With Ellison inside the Nation of Islam

Working from public documents and my own interviews in 2006, I constructed a picture of Keith Ellison as a serious long-time advocate of the Nation of Islam. This is the picture I drew of Ellison in “Louis Farrakhan’s first congressman” and in the companion Power Line post “Keith Ellison for dummies” just before his election to Congress in 2006. Ellison’s past and his continuing deceptions about it have emerged anew as open issues in connection with his current bid to lead the Democratic Party.

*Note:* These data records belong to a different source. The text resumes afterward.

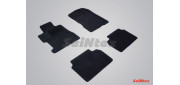 Ворсовые коврики для Honda Civic VIII Sedan 2006-2011 Ворсовые коврики для Honda Civic VIII Sedan 2006-2011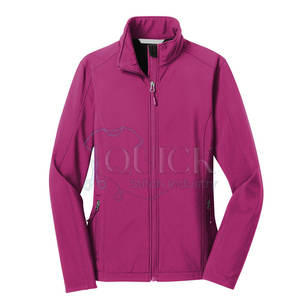 Chaquetas Softshell de Invierno para Mujer al por Mayor 2025, de Alta Calidad, Tejido de Nailon, Ecológicas, Transpirables, Tallas Personalizables - Product Image 1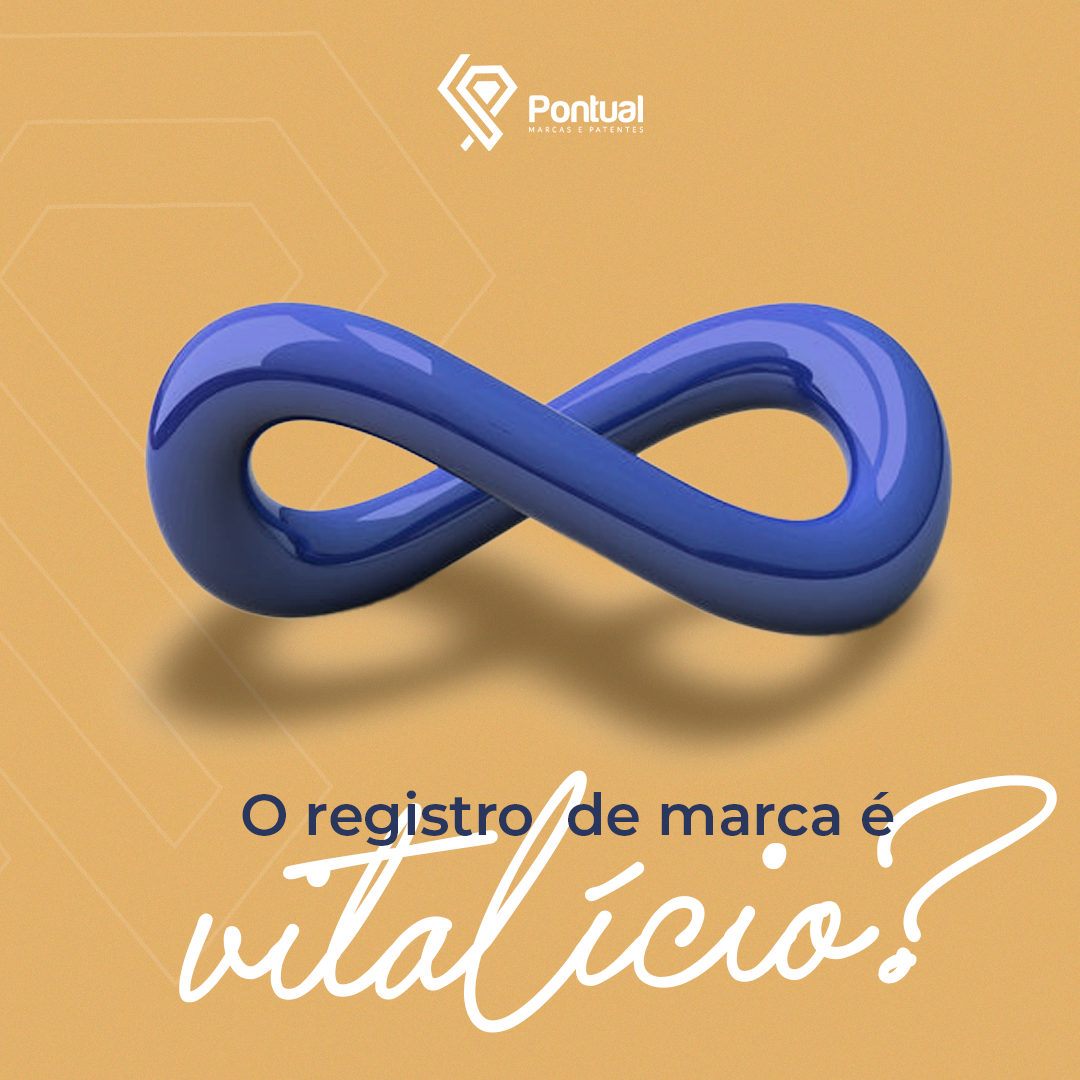 O registro de marca é vitalício?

Following Ellison, the Star Tribune portrayed Ellison’s involvement with the Nation of Islam as limited in time and extent. Explicating his May 2006 letter to the Jewish Community Relations Council, Ellison told the Star Tribune’s Rochelle Olson that he took up with the Nation of Islam for some 18 months around the time of the Million Man March in 1995. Olson occasionally regurgitated Ellison’s 18-month line as a fact and the Star Tribune’s Allison Sherry now cheerleads for Ellison in the same blinkered and misleading fashion.

Since 2006 Ellison has always claimed that he was unfamiliar with the Nation of Islams’s doctrines and teaching. He knew nothing about the organization. He didn’t hear what Farrakhan was saying. He wasn’t paying attention. When he dressed like Farrakhan and showed up at meetings with looming black men in suits, well, it was just for effect. He meant nothing by it.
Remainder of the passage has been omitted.